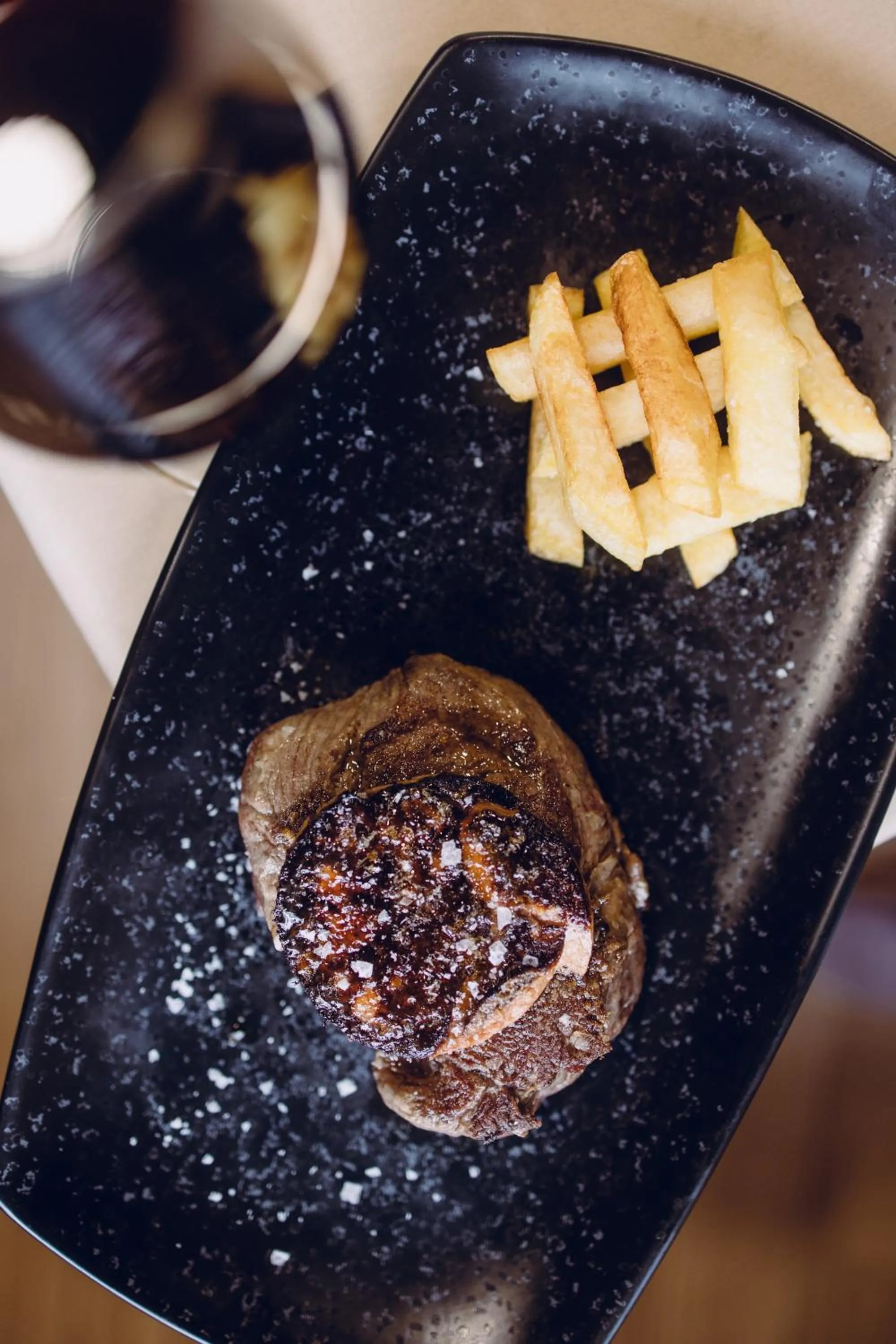 Restaurant/places to eat in Hotel Cueli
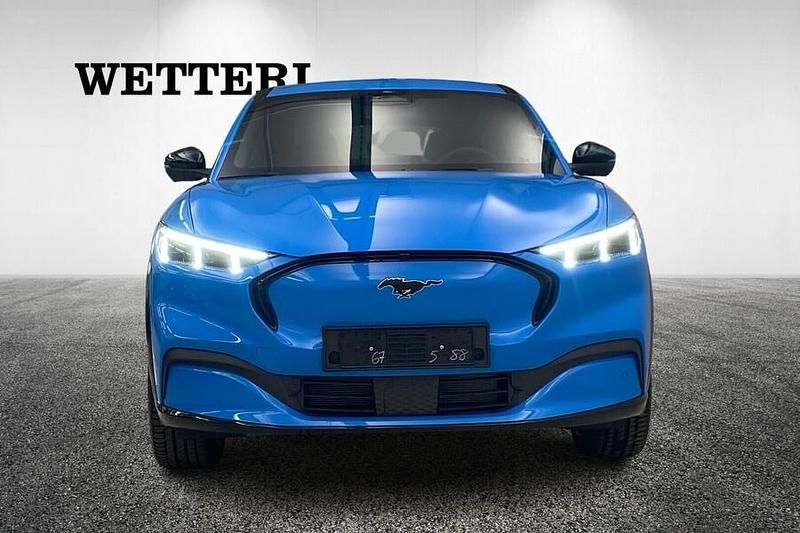 Käytetty Ford Mustang Mach-E Premium 216 kW (294 HP) 2025 Sininen Katumaasturi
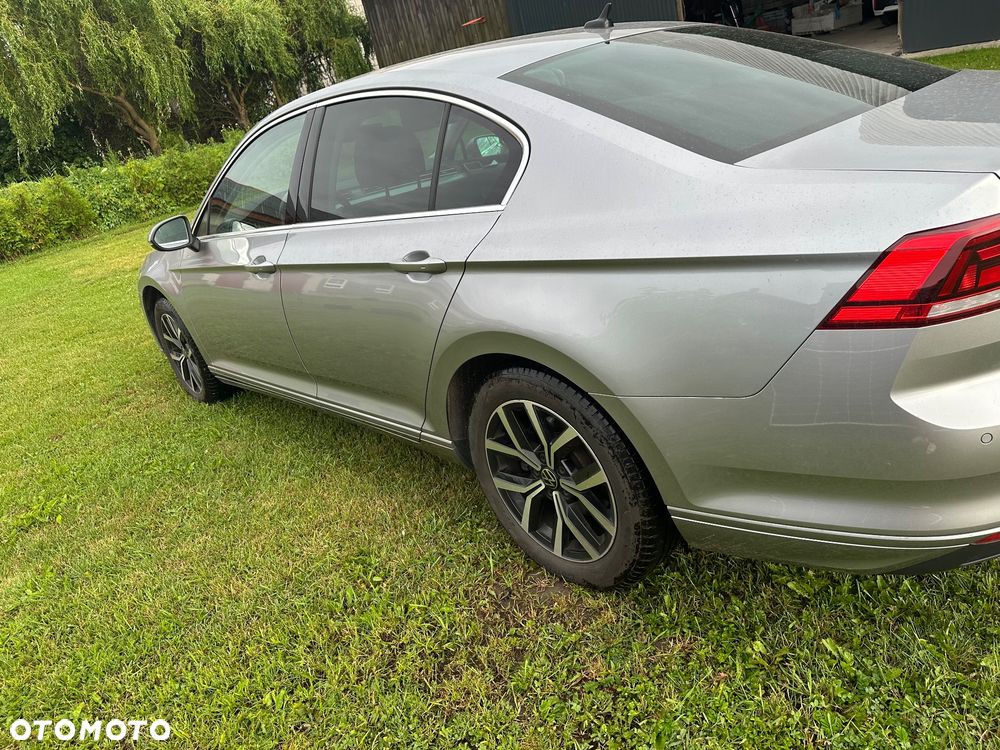 Volkswagen Passat 2.0 TDI EVO Business DSG - 5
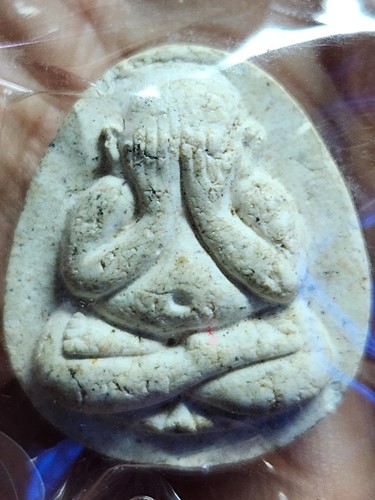 พระปิดตาเนื้อผง วัดยานนาวา กรุงเทพฯ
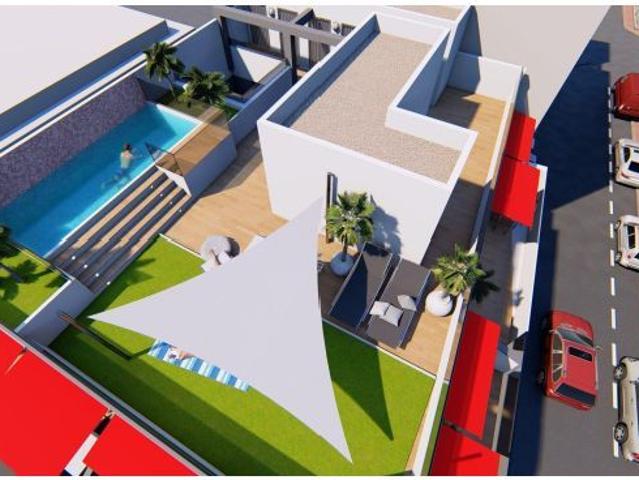 SOLAR EDIFICABLE EN ESQUINA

:::

■ **PROBLEM TO WORK ON**
Each line above should be set down exactly as written, with pictures excluded.

■ **RESPONSE TO THE EXERCISE**
 Restaurant/places to eat in Hotel Cueli
 Käytetty Ford Mustang Mach-E Premium 216 kW (294 HP) 2025 Sininen Katumaasturi
 Volkswagen Passat 2.0 TDI EVO Business DSG - 5
 พระปิดตาเนื้อผง วัดยานนาวา กรุงเทพฯ
 SOLAR EDIFICABLE EN ESQUINA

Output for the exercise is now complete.